Wife Swap
I’m not afraid of very many things.
Well, of course spiders and snakes. And drinking milk that has expired.
But there is one thing that terrifies me.
My wife signing us up to be on Wife Swap.
For you folks who have never watched Wife Swap, it’s this train wreck of a show on Paramount where two women from vastly different households trade places for two weeks and attempt not to kill their new family.
Oh, and at the end, the two couples sit around a table and tell the others why they suck at being parents and spouses.
Trust me, I already know my shortcomings in those two areas. I don’t need some toothless woman who makes goat cheese in her bathtub enumerating them on national TV.
I don’t know why my beautiful and sophisticated wife likes to watch this show.
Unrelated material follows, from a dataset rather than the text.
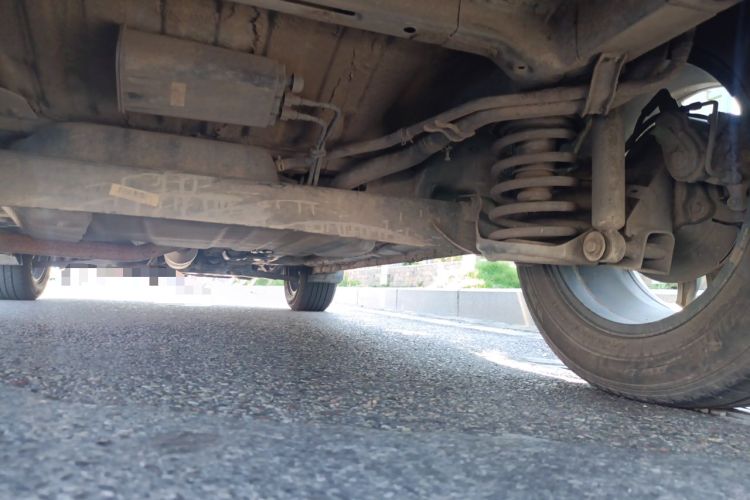 Used Dongfeng Fengon 580 2017 1.5T CVT Comfort Model Chassis Rear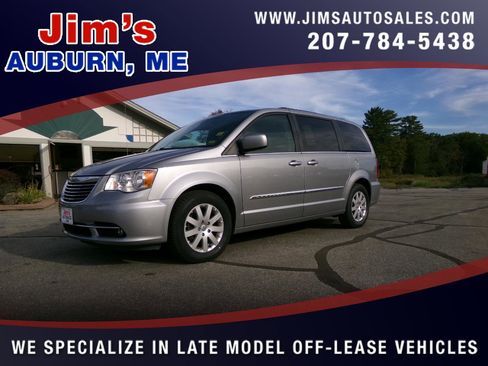 Used 2016 Chrysler Town & Country Touring image 1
Maybe she suffers from Pittakionophobia.
That has nothing to do with this situation but when researching to see if there was a mental disorder for people who like watching trashy TV shows like Honey Boo-Boo and My Strange Addition, I ran across this word and thought it was funny.
By the way, Pittakionophobia is the fear of bumper stickers that are half-peeled off.
There are some freaky people out there.
And apparently, a few of them are on Wife Swap and that is why it is so hard not to watch it.
Here is the basic premise of a typical show.
Carol is the wife of a snake-handling Pentecostal preacher who lives in a singlewide trailer somewhere in the backwoods of West Virginia.
She also has a black belt in the Japanese martial art, Hojojutsu, raises Pygmy goats and feeds her family a strict diet of nothing but raw foods and cold-pressed organic vegetable juices.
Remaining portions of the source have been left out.